● Work to be completed
Stop after the line with "A modern bathroom"; until then, please copy every line of the records word for word from the first.
*** Exercise input Section Begins ***
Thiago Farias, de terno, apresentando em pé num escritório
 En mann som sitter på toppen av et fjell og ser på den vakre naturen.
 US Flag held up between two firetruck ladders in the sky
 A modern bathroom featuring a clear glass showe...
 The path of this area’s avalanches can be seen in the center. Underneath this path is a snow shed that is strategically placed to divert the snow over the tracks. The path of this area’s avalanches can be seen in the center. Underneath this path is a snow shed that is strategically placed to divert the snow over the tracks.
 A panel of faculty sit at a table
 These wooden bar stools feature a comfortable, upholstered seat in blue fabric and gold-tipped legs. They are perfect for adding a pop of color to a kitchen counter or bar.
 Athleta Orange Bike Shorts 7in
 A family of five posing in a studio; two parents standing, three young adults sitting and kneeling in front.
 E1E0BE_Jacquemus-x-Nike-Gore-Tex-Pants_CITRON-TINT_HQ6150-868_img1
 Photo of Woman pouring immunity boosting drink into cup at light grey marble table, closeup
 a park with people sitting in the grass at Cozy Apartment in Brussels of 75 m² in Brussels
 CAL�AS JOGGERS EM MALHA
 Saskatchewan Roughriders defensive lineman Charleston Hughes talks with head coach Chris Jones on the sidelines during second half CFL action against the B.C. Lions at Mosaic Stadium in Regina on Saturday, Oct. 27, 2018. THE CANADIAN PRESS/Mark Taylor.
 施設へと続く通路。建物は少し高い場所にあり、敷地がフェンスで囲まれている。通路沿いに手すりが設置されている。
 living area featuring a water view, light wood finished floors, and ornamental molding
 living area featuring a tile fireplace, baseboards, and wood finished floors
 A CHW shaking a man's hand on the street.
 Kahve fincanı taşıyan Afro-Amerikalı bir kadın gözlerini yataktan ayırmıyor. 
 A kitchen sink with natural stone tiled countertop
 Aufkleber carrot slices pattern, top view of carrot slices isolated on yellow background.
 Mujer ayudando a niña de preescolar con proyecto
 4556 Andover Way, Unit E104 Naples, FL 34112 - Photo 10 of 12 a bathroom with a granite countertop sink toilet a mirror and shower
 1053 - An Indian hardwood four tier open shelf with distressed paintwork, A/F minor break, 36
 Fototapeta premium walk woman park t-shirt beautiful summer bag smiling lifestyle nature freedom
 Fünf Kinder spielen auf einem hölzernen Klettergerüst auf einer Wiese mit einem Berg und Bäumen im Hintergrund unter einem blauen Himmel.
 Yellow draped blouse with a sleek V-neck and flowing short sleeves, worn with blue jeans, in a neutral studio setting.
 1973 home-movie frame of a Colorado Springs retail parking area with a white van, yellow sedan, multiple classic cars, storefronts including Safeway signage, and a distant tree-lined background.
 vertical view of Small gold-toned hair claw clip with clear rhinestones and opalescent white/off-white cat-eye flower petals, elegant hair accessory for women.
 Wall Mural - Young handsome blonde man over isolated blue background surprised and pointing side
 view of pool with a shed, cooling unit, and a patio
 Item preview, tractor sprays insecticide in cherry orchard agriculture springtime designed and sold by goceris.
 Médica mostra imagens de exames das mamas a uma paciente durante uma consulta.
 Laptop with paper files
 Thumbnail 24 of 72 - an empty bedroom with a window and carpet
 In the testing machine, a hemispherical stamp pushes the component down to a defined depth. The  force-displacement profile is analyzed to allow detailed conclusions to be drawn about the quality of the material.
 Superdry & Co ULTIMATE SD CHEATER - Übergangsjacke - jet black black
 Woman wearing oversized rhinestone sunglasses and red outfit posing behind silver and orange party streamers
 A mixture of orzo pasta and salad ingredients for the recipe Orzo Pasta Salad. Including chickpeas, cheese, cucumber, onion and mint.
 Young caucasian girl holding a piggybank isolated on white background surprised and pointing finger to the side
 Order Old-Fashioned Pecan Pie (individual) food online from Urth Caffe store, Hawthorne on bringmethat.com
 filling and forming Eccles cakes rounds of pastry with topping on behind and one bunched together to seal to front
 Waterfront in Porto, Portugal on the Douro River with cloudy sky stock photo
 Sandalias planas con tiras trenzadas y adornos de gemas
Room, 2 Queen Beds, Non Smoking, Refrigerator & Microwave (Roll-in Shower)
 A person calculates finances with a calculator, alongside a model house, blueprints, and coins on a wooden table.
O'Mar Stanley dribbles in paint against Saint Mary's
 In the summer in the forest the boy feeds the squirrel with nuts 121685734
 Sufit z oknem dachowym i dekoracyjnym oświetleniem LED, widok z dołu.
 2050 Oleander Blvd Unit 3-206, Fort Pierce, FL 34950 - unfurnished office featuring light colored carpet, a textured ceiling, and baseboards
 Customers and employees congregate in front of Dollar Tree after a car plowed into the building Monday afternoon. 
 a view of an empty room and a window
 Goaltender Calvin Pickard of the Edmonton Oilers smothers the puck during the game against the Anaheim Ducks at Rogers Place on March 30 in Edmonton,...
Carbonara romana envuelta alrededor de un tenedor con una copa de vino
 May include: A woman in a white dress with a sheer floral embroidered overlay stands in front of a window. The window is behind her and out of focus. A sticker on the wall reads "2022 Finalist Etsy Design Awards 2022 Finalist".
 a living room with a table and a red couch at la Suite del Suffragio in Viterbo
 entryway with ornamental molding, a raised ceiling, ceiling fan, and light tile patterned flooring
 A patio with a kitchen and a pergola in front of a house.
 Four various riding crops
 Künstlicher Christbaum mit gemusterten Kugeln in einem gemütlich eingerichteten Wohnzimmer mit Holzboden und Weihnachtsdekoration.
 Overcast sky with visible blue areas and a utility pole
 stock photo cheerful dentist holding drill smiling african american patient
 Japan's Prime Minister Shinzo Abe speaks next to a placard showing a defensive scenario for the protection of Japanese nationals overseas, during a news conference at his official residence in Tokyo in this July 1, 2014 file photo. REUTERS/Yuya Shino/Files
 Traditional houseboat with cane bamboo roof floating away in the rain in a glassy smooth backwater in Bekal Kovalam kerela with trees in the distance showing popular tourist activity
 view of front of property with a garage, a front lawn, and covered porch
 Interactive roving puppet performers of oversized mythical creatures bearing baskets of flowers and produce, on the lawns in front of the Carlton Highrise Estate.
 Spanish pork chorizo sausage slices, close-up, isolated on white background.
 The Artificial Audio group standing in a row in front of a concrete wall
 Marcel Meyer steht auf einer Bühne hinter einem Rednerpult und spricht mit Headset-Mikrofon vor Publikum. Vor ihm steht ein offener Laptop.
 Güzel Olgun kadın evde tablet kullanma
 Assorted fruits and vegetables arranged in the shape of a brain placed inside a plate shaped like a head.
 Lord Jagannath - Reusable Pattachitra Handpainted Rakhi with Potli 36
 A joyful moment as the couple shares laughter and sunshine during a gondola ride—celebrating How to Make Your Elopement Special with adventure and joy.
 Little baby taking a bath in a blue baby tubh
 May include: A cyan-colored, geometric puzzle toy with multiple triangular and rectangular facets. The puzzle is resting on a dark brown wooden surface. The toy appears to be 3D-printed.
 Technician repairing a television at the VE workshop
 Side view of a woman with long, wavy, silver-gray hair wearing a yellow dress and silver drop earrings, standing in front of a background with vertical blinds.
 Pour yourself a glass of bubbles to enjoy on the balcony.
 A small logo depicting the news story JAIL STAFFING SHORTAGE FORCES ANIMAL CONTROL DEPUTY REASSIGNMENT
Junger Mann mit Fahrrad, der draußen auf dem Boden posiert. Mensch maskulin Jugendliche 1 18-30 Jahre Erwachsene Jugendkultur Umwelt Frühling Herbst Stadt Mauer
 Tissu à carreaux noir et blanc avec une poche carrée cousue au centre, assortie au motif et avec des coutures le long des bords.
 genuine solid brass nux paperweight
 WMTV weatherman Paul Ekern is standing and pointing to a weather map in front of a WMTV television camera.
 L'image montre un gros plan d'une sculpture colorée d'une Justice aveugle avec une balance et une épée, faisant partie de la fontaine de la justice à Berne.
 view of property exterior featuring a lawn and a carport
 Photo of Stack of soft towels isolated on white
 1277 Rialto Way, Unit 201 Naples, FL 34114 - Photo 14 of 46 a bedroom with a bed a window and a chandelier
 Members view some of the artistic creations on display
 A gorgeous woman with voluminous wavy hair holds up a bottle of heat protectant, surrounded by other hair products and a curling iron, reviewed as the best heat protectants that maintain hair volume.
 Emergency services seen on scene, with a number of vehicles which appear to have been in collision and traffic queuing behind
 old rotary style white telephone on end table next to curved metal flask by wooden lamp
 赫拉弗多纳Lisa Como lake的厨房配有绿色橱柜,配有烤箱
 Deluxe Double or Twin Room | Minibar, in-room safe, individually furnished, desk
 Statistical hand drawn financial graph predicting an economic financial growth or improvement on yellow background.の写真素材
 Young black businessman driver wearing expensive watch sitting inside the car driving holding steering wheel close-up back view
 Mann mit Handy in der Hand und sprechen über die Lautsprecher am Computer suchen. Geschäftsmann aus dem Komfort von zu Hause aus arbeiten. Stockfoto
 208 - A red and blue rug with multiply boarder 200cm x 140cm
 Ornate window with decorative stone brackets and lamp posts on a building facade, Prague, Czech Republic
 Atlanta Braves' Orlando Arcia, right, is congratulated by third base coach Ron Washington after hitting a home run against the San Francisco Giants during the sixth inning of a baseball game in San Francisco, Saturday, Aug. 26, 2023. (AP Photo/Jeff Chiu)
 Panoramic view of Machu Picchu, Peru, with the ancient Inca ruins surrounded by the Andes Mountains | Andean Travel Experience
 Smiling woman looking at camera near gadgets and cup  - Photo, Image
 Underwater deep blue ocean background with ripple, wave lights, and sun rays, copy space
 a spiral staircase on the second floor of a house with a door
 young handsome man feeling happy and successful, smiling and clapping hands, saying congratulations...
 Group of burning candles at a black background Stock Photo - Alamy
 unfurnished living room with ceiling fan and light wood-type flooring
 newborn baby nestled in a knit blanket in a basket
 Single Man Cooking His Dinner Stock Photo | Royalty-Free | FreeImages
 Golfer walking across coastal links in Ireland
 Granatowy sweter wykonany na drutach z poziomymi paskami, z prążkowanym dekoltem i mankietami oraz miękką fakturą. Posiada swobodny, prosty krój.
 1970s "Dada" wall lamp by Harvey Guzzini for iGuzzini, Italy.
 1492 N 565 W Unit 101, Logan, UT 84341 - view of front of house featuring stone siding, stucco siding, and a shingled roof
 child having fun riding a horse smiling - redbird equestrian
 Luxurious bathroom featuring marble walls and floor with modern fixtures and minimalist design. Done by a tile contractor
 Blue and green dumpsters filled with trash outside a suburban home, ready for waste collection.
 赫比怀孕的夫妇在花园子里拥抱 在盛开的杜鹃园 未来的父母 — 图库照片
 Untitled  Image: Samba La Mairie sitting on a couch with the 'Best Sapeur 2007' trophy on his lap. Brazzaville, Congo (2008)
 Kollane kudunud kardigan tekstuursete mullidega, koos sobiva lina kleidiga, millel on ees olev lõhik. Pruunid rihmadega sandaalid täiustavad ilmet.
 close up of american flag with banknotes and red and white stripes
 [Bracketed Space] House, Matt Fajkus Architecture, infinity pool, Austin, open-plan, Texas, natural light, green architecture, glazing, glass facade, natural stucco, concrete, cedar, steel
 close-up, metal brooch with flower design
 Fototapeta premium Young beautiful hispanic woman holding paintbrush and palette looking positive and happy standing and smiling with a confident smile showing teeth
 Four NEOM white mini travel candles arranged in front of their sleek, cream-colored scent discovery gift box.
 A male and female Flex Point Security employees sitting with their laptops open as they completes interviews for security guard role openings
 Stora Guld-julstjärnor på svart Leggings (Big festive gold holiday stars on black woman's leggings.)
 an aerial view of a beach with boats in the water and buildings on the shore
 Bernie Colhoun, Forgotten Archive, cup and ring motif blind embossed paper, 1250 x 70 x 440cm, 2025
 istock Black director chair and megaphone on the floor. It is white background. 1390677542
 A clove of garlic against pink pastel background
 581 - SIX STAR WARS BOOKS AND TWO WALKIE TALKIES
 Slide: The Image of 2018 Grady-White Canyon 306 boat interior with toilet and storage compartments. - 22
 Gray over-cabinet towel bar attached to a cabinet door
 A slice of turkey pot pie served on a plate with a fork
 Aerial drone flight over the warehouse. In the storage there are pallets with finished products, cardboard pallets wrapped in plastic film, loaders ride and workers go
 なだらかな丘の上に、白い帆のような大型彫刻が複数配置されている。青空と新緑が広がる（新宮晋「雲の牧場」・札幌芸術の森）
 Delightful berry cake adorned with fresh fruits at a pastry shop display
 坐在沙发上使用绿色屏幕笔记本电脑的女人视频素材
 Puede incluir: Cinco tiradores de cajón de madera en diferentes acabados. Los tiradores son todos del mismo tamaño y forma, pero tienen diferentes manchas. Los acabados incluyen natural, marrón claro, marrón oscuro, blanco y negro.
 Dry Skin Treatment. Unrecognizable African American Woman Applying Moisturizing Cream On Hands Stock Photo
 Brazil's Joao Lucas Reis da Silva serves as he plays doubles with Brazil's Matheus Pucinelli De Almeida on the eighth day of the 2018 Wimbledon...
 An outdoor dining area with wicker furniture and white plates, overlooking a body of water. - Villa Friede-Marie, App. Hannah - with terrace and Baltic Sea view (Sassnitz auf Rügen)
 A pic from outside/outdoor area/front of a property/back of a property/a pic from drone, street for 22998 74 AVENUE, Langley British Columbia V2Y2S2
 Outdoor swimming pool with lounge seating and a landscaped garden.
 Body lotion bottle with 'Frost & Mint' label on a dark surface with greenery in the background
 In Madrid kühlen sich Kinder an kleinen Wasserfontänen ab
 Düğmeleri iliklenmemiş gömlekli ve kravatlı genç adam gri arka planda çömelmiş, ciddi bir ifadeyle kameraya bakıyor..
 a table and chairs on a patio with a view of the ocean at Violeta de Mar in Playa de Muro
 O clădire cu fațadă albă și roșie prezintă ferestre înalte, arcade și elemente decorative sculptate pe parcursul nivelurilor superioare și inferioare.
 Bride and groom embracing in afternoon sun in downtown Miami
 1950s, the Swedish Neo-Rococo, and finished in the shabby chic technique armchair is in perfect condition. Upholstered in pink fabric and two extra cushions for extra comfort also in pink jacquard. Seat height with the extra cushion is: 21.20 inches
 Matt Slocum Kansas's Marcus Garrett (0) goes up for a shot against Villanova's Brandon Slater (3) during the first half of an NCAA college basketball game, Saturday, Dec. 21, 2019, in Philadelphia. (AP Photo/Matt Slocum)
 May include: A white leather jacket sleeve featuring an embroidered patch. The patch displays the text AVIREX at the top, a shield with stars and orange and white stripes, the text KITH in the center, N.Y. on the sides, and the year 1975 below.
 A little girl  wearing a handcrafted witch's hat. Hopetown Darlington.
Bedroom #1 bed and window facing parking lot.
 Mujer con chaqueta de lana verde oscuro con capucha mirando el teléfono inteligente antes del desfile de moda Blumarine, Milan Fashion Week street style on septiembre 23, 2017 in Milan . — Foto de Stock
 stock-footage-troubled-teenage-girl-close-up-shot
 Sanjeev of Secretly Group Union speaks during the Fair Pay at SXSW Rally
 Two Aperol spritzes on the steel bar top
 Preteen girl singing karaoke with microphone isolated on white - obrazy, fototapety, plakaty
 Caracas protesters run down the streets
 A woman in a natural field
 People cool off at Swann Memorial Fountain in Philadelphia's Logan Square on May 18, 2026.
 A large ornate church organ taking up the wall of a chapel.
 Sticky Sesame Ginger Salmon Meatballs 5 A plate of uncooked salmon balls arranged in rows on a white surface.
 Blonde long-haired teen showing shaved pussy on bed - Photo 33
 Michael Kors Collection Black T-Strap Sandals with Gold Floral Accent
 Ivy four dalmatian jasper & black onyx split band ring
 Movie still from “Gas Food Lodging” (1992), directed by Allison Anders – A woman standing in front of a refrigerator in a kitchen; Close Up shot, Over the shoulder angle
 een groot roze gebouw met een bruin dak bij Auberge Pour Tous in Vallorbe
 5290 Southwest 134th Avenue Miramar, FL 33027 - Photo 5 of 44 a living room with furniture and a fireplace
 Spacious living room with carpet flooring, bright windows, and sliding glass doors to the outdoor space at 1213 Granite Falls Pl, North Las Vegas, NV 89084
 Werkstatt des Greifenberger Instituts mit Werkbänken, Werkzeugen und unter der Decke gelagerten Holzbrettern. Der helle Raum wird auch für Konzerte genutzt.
*** Exercise input Section Ends ***
● Task response
Thiago Farias, de terno, apresentando em pé num escritório
 En mann som sitter på toppen av et fjell og ser på den vakre naturen.
 US Flag held up between two firetruck ladders in the sky
 A modern bathroom featuring a clear glass showe...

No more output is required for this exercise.